> [Problem statement]:
Only the lines below from the one containing "10046 E Hummingbird Lane" to the one containing "1st image of 121 Park Crest Dr" should be repeated, both included and unchanged.

> [Exercise data]:
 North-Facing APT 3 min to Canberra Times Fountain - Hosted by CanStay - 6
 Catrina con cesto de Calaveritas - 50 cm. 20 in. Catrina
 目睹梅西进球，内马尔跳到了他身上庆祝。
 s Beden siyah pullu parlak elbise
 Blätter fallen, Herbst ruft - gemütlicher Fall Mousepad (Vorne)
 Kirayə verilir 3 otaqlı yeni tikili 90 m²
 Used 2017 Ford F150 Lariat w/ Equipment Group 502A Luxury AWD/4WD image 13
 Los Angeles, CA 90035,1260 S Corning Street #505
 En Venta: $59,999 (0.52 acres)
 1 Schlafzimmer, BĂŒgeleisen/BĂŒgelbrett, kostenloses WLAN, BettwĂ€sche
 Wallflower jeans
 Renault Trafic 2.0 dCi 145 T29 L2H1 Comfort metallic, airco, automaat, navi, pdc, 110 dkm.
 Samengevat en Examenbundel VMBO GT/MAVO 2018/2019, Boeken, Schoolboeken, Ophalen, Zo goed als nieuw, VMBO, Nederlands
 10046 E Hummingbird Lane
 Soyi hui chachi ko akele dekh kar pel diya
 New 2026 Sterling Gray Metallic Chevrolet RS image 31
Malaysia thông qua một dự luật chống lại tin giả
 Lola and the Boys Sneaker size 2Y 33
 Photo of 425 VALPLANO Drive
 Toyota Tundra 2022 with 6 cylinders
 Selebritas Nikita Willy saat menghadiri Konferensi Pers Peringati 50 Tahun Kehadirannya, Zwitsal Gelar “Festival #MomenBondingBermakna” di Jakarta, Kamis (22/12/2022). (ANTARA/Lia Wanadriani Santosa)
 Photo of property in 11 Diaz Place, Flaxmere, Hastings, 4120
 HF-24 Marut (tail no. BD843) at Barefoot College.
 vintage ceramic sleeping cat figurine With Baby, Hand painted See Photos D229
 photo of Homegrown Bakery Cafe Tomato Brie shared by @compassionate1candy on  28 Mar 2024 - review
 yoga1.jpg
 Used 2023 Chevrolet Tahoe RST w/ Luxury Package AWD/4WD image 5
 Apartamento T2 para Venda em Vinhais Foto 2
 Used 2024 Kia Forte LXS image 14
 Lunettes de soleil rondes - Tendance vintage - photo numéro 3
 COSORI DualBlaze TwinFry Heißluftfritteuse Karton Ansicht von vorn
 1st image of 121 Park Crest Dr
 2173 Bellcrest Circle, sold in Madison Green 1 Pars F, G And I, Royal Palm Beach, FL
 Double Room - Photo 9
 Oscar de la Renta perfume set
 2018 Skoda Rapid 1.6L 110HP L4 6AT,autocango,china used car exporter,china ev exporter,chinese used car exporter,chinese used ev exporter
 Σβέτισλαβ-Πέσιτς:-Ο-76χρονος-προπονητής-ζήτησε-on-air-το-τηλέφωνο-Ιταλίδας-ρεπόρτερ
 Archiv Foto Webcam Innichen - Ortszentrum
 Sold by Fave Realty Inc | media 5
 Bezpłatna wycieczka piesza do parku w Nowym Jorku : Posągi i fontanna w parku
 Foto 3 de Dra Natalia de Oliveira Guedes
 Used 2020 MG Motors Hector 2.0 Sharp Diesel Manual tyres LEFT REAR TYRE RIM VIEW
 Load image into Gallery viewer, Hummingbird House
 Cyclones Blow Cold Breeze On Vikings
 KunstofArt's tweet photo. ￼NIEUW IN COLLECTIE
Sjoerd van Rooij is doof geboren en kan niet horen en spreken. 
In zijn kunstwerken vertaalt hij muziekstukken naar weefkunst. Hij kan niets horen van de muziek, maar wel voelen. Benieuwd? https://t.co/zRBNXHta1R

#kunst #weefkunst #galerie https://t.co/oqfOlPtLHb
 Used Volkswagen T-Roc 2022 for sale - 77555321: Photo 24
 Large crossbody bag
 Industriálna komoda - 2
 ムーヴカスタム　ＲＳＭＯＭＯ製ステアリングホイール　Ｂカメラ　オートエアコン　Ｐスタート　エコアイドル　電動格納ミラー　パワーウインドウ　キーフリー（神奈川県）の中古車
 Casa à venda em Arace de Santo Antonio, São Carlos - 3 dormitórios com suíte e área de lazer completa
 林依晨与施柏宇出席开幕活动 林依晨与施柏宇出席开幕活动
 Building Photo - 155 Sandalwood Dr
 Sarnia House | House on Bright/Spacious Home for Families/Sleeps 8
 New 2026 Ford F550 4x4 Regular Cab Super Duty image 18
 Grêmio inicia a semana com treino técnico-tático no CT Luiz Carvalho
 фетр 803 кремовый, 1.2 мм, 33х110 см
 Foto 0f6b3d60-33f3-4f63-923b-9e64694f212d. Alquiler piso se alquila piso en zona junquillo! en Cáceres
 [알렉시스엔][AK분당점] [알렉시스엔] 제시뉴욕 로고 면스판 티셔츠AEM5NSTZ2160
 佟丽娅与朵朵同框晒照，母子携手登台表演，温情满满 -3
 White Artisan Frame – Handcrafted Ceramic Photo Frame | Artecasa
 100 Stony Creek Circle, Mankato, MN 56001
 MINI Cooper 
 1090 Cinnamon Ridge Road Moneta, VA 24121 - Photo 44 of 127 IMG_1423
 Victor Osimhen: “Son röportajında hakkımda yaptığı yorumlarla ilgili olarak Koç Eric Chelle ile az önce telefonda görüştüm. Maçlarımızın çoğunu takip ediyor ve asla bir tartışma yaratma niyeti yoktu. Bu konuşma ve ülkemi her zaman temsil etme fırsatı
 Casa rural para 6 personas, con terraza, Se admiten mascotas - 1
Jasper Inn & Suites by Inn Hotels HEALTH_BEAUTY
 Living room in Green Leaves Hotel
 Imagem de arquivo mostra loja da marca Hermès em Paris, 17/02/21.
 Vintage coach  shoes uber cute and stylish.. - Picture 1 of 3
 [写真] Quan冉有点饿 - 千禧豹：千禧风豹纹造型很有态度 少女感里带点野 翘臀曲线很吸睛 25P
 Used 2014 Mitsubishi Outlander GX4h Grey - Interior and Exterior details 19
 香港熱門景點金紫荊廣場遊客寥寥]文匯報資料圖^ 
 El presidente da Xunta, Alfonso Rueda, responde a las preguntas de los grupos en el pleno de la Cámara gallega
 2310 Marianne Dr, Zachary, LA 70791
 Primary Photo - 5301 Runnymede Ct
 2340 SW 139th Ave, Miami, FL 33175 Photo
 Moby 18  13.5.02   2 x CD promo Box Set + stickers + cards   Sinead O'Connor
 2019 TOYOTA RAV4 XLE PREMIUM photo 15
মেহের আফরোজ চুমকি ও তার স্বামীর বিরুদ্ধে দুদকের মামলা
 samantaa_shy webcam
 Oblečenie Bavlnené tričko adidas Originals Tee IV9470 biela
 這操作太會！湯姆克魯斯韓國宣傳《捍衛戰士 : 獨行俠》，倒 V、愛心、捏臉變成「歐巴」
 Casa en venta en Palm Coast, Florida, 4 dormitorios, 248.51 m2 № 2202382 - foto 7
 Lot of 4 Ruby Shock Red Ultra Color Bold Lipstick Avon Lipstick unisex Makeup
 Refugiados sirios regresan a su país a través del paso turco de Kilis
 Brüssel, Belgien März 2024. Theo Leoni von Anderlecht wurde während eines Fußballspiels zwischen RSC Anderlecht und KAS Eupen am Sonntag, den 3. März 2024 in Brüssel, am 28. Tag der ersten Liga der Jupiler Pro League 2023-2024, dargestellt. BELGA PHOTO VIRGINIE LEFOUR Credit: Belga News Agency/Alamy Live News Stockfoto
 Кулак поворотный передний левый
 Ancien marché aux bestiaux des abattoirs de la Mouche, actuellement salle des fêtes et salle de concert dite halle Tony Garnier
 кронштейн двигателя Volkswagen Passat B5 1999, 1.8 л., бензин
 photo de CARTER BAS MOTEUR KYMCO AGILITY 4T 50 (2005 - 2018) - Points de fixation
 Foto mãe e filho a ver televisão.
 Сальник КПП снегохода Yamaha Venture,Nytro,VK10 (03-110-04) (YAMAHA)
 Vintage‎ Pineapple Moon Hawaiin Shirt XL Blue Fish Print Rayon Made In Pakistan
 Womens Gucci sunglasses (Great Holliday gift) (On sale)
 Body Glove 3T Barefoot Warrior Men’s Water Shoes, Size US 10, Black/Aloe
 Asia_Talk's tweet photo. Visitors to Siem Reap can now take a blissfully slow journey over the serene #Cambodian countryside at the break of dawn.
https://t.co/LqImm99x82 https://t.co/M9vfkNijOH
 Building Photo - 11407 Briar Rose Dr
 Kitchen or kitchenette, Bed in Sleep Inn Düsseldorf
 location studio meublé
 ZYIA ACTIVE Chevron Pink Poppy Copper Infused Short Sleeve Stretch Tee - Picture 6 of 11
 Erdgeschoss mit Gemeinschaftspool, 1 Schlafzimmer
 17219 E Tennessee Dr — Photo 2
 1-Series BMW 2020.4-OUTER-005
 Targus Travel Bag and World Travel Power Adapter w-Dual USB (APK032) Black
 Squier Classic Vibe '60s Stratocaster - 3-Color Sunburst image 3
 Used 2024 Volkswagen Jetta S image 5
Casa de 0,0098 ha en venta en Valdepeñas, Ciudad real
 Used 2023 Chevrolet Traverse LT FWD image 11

> [Answer space]:
 10046 E Hummingbird Lane
 Soyi hui chachi ko akele dekh kar pel diya
 New 2026 Sterling Gray Metallic Chevrolet RS image 31
Malaysia thông qua một dự luật chống lại tin giả
 Lola and the Boys Sneaker size 2Y 33
 Photo of 425 VALPLANO Drive
 Toyota Tundra 2022 with 6 cylinders
 Selebritas Nikita Willy saat menghadiri Konferensi Pers Peringati 50 Tahun Kehadirannya, Zwitsal Gelar “Festival #MomenBondingBermakna” di Jakarta, Kamis (22/12/2022). (ANTARA/Lia Wanadriani Santosa)
 Photo of property in 11 Diaz Place, Flaxmere, Hastings, 4120
 HF-24 Marut (tail no. BD843) at Barefoot College.
 vintage ceramic sleeping cat figurine With Baby, Hand painted See Photos D229
 photo of Homegrown Bakery Cafe Tomato Brie shared by @compassionate1candy on  28 Mar 2024 - review
 yoga1.jpg
 Used 2023 Chevrolet Tahoe RST w/ Luxury Package AWD/4WD image 5
 Apartamento T2 para Venda em Vinhais Foto 2
 Used 2024 Kia Forte LXS image 14
 Lunettes de soleil rondes - Tendance vintage - photo numéro 3
 COSORI DualBlaze TwinFry Heißluftfritteuse Karton Ansicht von vorn
 1st image of 121 Park Crest Dr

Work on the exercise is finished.